ホックシールドは「充実したファミリーフレンドリー制度がなぜ利用されないのか」という問いに取り組んだ。この先に、次のような問いを追加してもよいだろう。すなわち、「そんなに職場が楽しいのなら、いっそのこと家庭を捨てて職場だけで生きていけばよいのでは?」という問いである。本書でいう「ゼロ・ドラッグ」人材になり、精神的に充実した人生を職場で実現する、という生き方である。
あるいはいっそのこと、みんながそれぞれの帰るべき家庭を持つのをやめて、会社こそが生きる上でのコミュニティになるようにしたらどうか。このアイディアは、ロバート・オーウェンやシャルル・フーリエなどの空想的社会主義者がかつて描いたような、職場と家庭が一体となったコミュニティに近い。集団組織の力を発揮し、「社会工学」を駆使して問題解決にあたることができるのならば、職場に「はりぼての家庭」を構築することなどせず、いっそのこと組織(職場)に家庭を包摂させてしまえばよいのでは、という考え方である。
ただ、この構想は、少なくとも資本主義社会では実現の見込みが薄い。私企業が提供するコミュニティは、企業の経営状態に左右される。いくら「家族のような」職場の人間関係があっても、会社がそれを支援する仕組みを縮小したり、あるいは整理解雇に走ったりすれば、人間関係もうまく行かなくなり、場合によってはそこで関係が終わる。解雇された人には何も残らない。本書16章で述べられているように、アメルコもやがて「競争するアメルコ」に方針転換し、ファミリーフレンドリー制度は縮小され、自慢だった職場の居心地のよさも消えていった。
もちろん、同じようなことは家族にもある程度あてはまる。世帯が経済的に余裕があるうちは、楽しく、将来を見据えながら家族が一緒に生きていける。しかし所得が失われる、重すぎるケア負担がのしかかるなどの理由で、家族関係が終わることもありうる。ただ、その場合でも、多くの人は何らかのかたちで家族を持ちたいと思うだろう。理由のひとつは、やはり家族のほうが企業よりも、人生を包括的に保障すると人々が考えているからだ。
家族と企業では、たしかに後者に有利な点も多いが、家族は企業よりは永続性や包括性を「期待できる」点では優位である。企業と被雇用者の関係は、結婚の誓いのように「健やかなるときも病めるときも」「死が分かつまで」続くことはない。家族関係でも、もちろん失業して家族が離れていく、といったことはありうるが、企業のようにいやおうもなく関係が上から左右されてしまうことはない。家族は、仕事を辞めても続く、あるいは続くことが期待される人生の基盤である。

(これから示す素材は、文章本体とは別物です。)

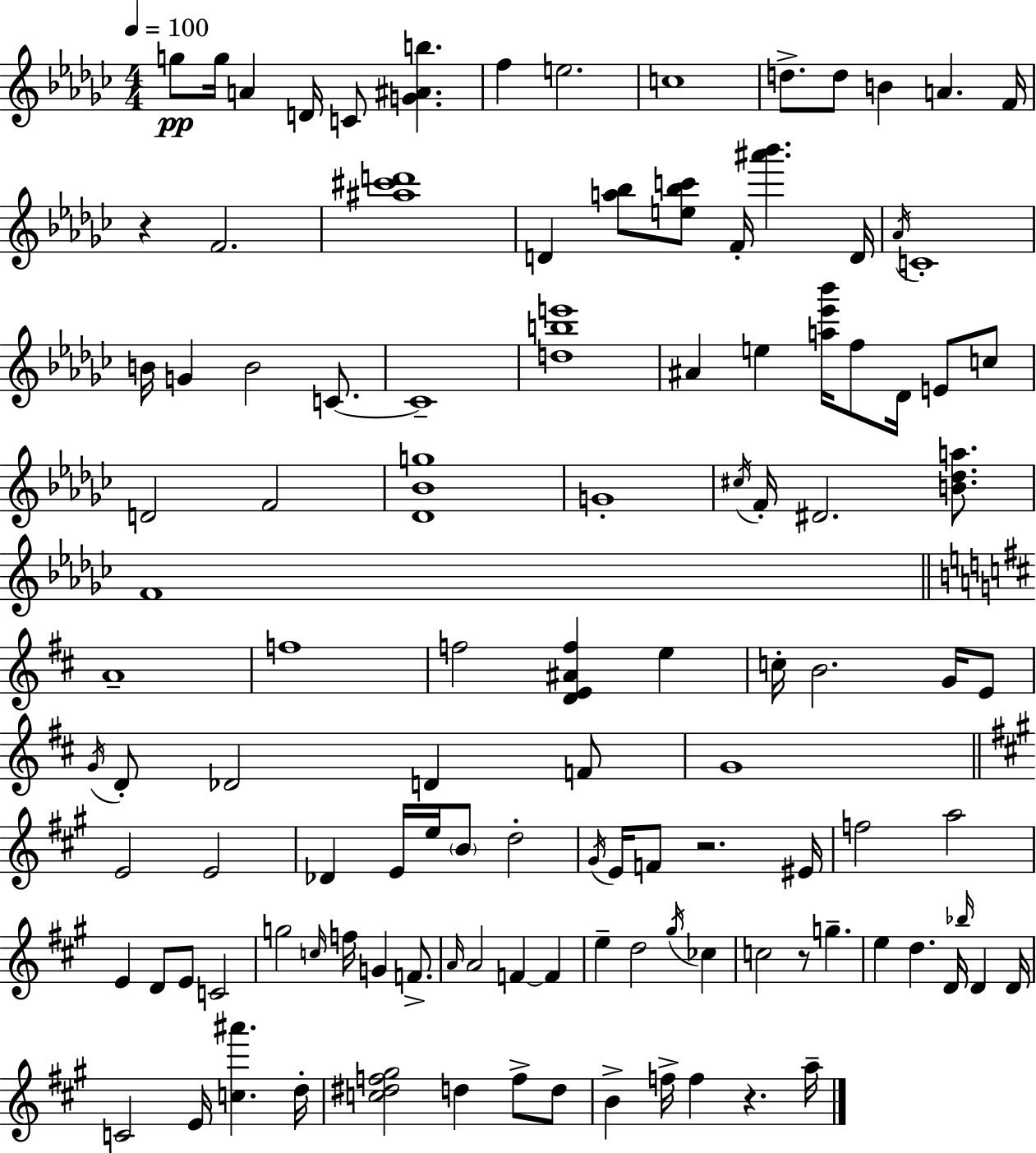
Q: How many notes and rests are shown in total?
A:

以上から、家庭が職場に包摂されることは考えにくい。いくらアメルコが魅力的な職場を提供し、人々がそこで情緒的な満足を得ながらストレスフリーでやりがいをもって働いていたとしても、アメルコはグローバル環境で利益を追求する組織である以上、人々の人生を丸抱えすることは決してない。「そんなに職場の居心地がいいのなら家庭なんてなくてもいいのでは」という考え方は、なかなか成り立たない。職場の居心地がいくらよくても、そして反対に家庭がいくらストレスフルでも、家庭が職場よりも永続的な関係基盤である以上、人は家族を持とうとするし、一日の終りには楽しい職場からそれほど楽しくもない家に帰ってもくる。
職場は、私たちが生きていく上で必須のお金を人質に取る。家庭は、やはり私たちにとって重要な永続的人間関係を人質に取る。結局私たちは、家庭と職場という2つの領域の両方ともにコミットして生きていくしかない。ホックシールドが話を聞いてきた人々が直面する葛藤は、このように根源的な構造に起因するもので、おいそれとは解決しない。